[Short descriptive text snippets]
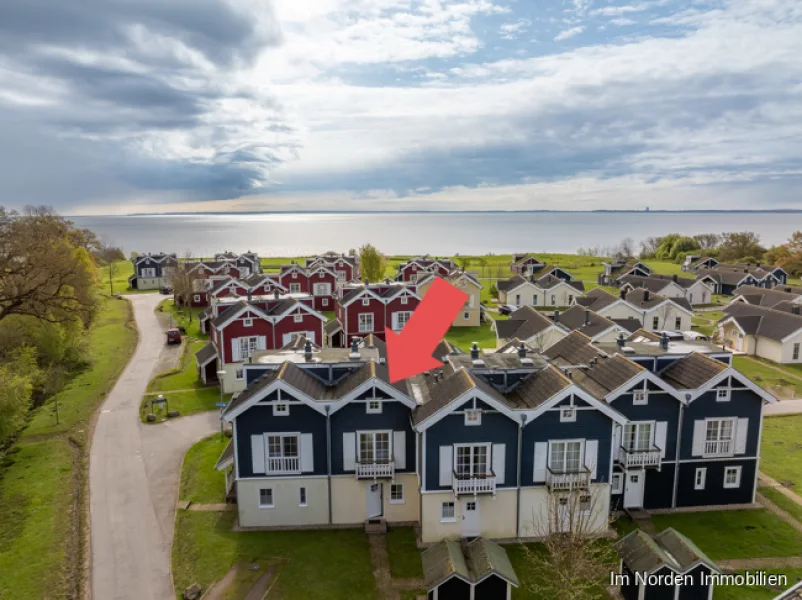 Reihenhauszeile mit Blick zum Meer - Haus kaufen in Sierksdorf - Ferienhaus in direkter Ostseelage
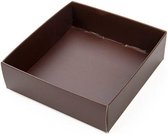 Kraftdoosjes Bodem Chocolade Bruin 8 x 2,5 x 8,5 cm (25 stuks)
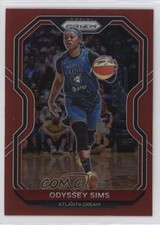 2021 Panini Prizm WNBA Red Prizm 277/299 Odyssey Sims #80 1g2w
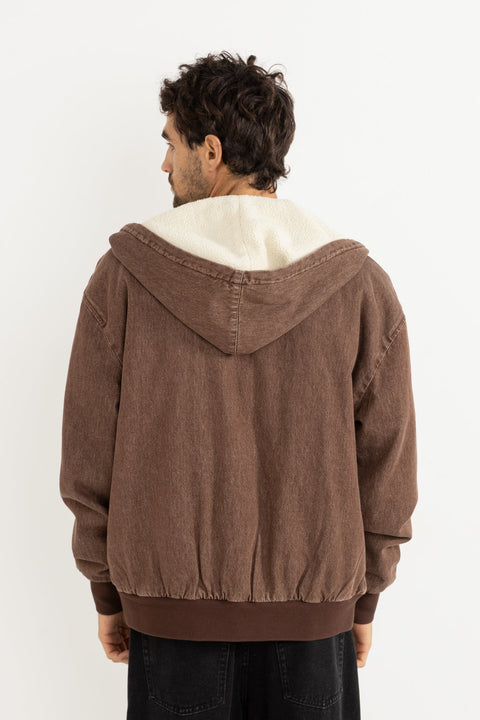 Manteau Insulated Denim Work Brun Rhythm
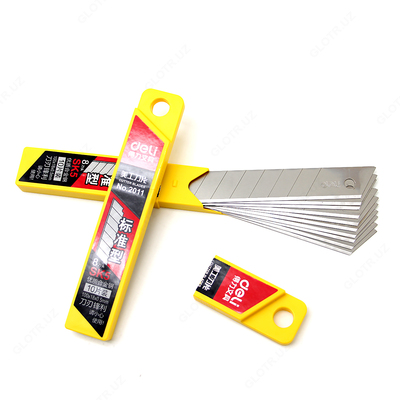 Лезвия для канцелярских ножей Deli - 4 508 сум от 10 шт.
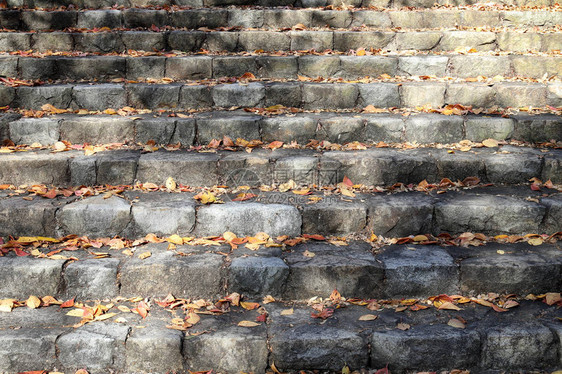 古老的石阶梯道图片
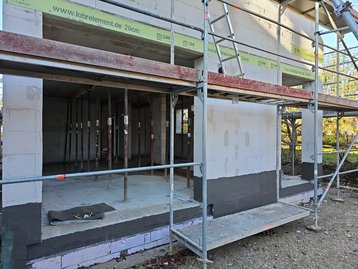 Rohbau EG  eines unterkellerten massiven Einfamilienhauses in München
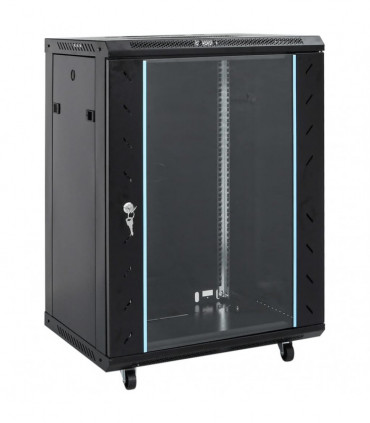 vidaXL 15U Network Cabinet with Swivel Feet 19" IP20 53x40x80 cm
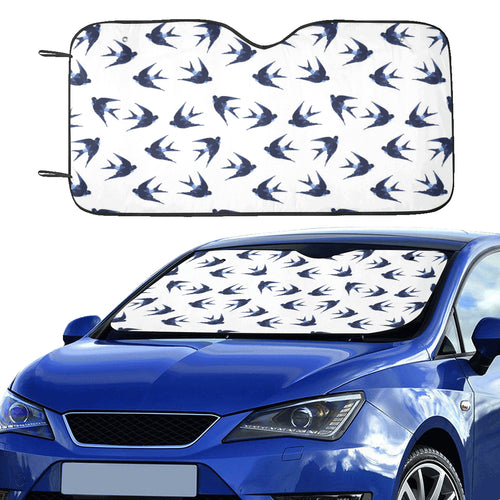 Swallow Pattern Print Design 03 Car Sun Shade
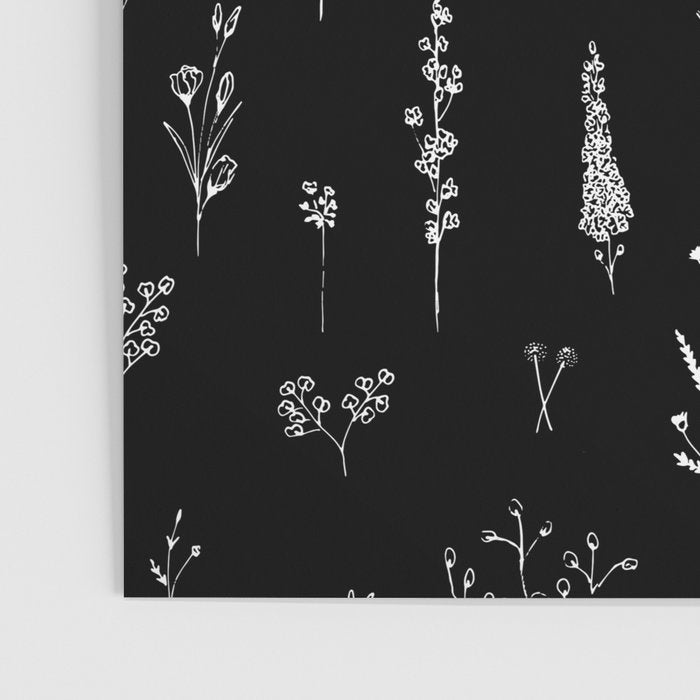 Black wildflowers Poster Gallery Image 3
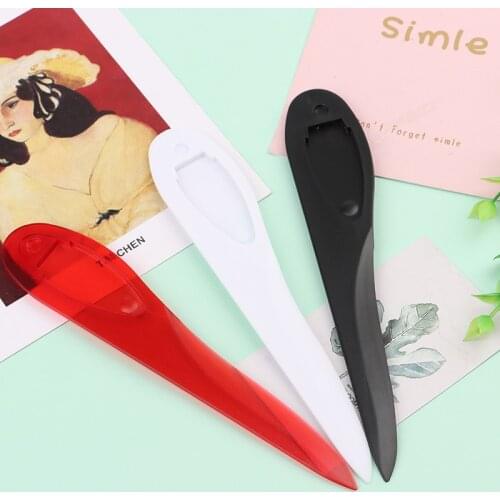 3Pcs/Set Art Paper Cutting Scissors A4 Paper Cutter Point Tuner Seam Creaser Creases Sewing Tool Plastic Sewing Mark Turner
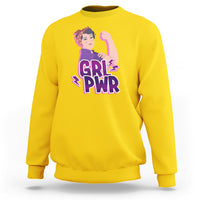GRL PWR Girl Power Feminist Women Power Women's Day Sweatshirt - Wonder Print Shop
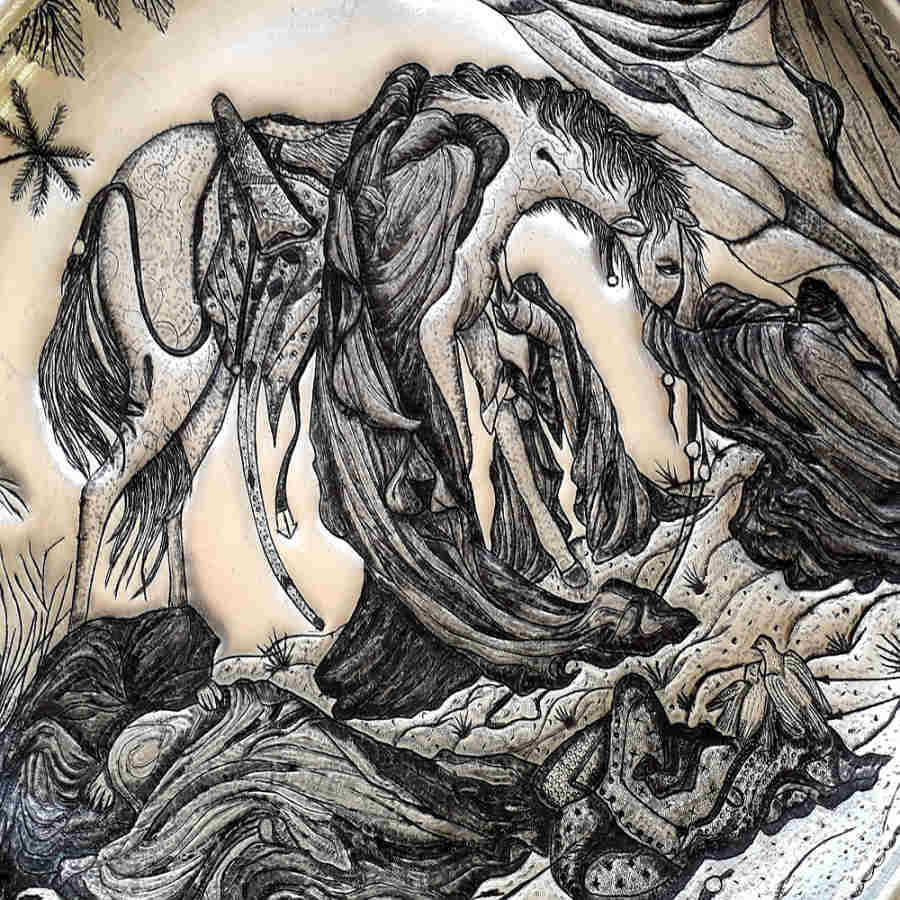 伊斯兰装饰性雕花铜盘——Ashura（阿舒拉节）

### Aim of the task
Give back all the records as they stand, but with no pictures in the copy.

### Output
 Reihenhauszeile mit Blick zum Meer - Haus kaufen in Sierksdorf - Ferienhaus in direkter Ostseelage
 Kraftdoosjes Bodem Chocolade Bruin 8 x 2,5 x 8,5 cm (25 stuks)
 2021 Panini Prizm WNBA Red Prizm 277/299 Odyssey Sims #80 1g2w
 Manteau Insulated Denim Work Brun Rhythm
 Лезвия для канцелярских ножей Deli - 4 508 сум от 10 шт.
 古老的石阶梯道图片
 Rohbau EG  eines unterkellerten massiven Einfamilienhauses in München
 vidaXL 15U Network Cabinet with Swivel Feet 19" IP20 53x40x80 cm
 Swallow Pattern Print Design 03 Car Sun Shade
 Black wildflowers Poster Gallery Image 3
 3Pcs/Set Art Paper Cutting Scissors A4 Paper Cutter Point Tuner Seam Creaser Creases Sewing Tool Plastic Sewing Mark Turner
GRL PWR Girl Power Feminist Women Power Women's Day Sweatshirt - Wonder Print Shop
 伊斯兰装饰性雕花铜盘——Ashura（阿舒拉节）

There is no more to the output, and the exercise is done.